Article ID Journal Published Year Pages File Type
946589 Emotion, Space and Society 2016 9 Pages PDF
Abstract

•This auto-ethnographical study analyses affective citizenship via (e)motional participation in techno electronic dance music.•Scholar-artist methods of affective writing, drawing and poetry aim to impart creative transformative experiences.•The study examines how feelings in techno-space are mediated through the gendered/sexualised body and technology.•Participation in techno-space accumulates tacit knowledge potentially useful to inclusive participation in the everyday life.
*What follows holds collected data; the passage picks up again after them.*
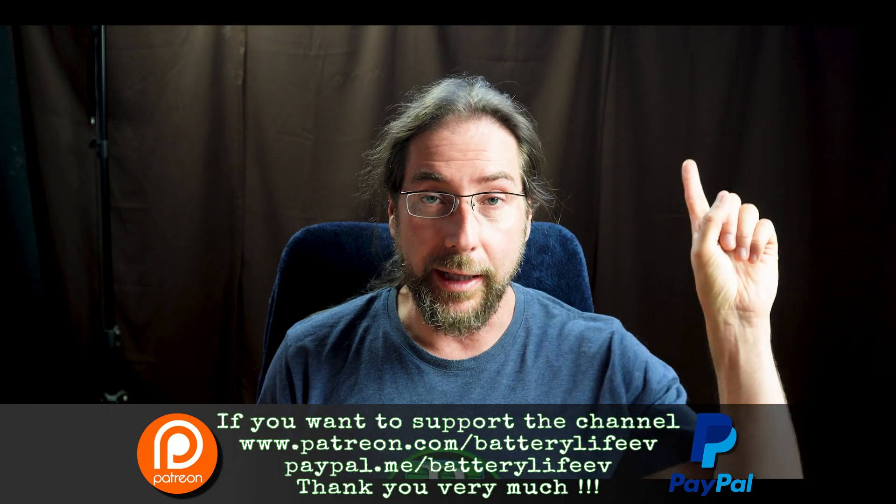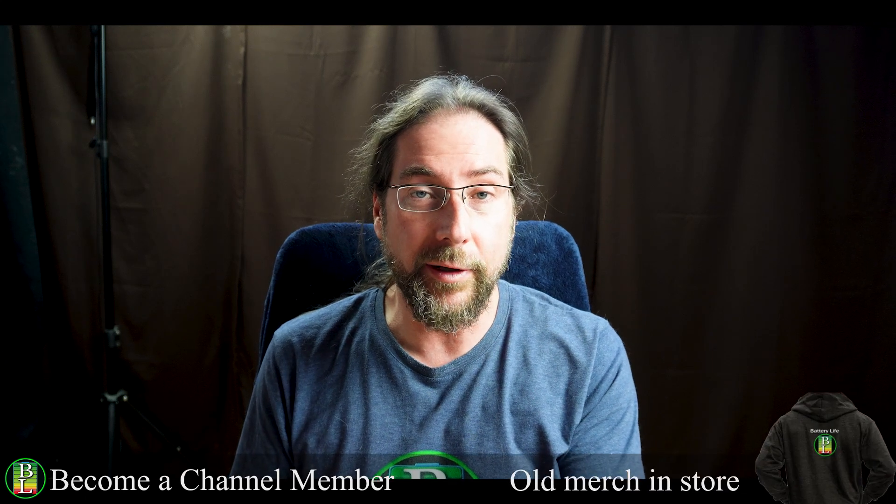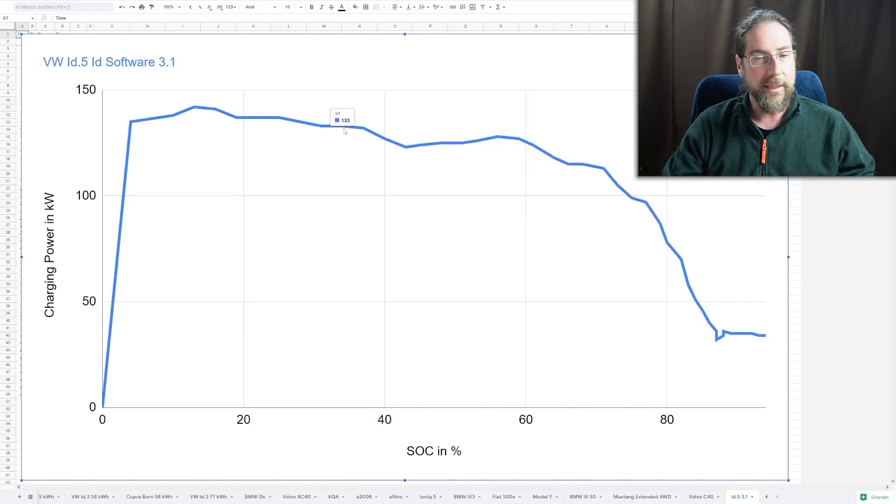A few weeks ago I made a video — link up here — about the 77 kilowatt hour battery of the Volkswagen ID.4 and ID.5, the pro version not GTX, showing how the new charging curve is with ID software 3.0. It's an amazing charging curve: a peak of 141-142 kilowatt and it stays above 100 kilowatt for a very long time — I think it was at 70%. Really great charging curve, really great charging time from 10 to 80%. I loved it.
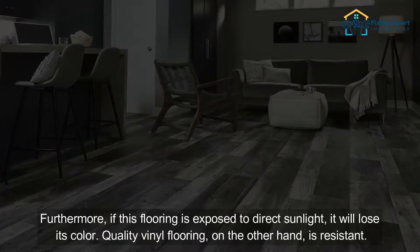A low-quality floor will become yellow in a short amount of time. Furthermore, if this flooring is exposed to direct sunlight, it will lose its color. Quality vinyl flooring, on the other hand, is resistant to this.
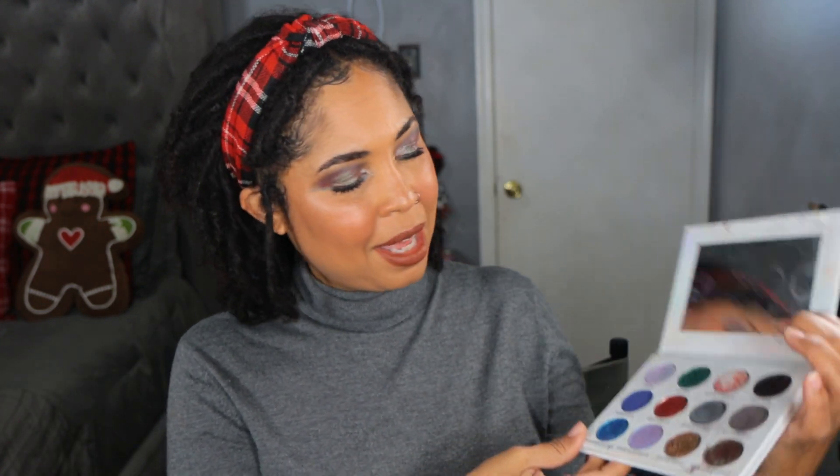It definitely gives me a grungy winter vibe. We're going to move on — stay tuned because a video is coming up where I create this look that I really, really like. Now this palette is my first introduction to Unearthly Cosmetics, which was then Alien Cosmetics. I love the artwork here. This was simply called the Holiday Palette — very first palette from the brand, no shade names, very beautiful though.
This study examines auto-ethnographical experience with bodily participation in spaces of techno electronic dance music (EDM). The article engages with how inner- and inter-corporeal lived experience in techno-space constructs affective citizenship on the very personal level of the participant-researcher. In this context, the article attends to the underexplored field of how affective citizenship is attained and valued along embodied knowledge of subcultural capital in the EDM scene. It particularly addresses its overlooked gendered/sexual and technologically mediated (e)motional body. Drawing on a feminist scholar-artist method, the article renders embodied encounters with techno-space through evocative vignettes that include affective writing, a drawing and introspective poetic revelation. This method aims to convey embodied knowledge of techno-space as creative transformative experience beyond conventional modes of retrospective narration. The article concludes with two key lived experiences of affective citizenship: first, at times the gendered/sexual and cyborgian body was mobilised into a state of emotionally shared publicness that co-produced techno-space. Second, (inter)actions in techno-space incited subcultural capital as a set of tacit knowledge assets (including affective, empathic and therapeutic qualities) to be accumulated over techno events and to be occasionally transferred to inclusive participation in the everyday life.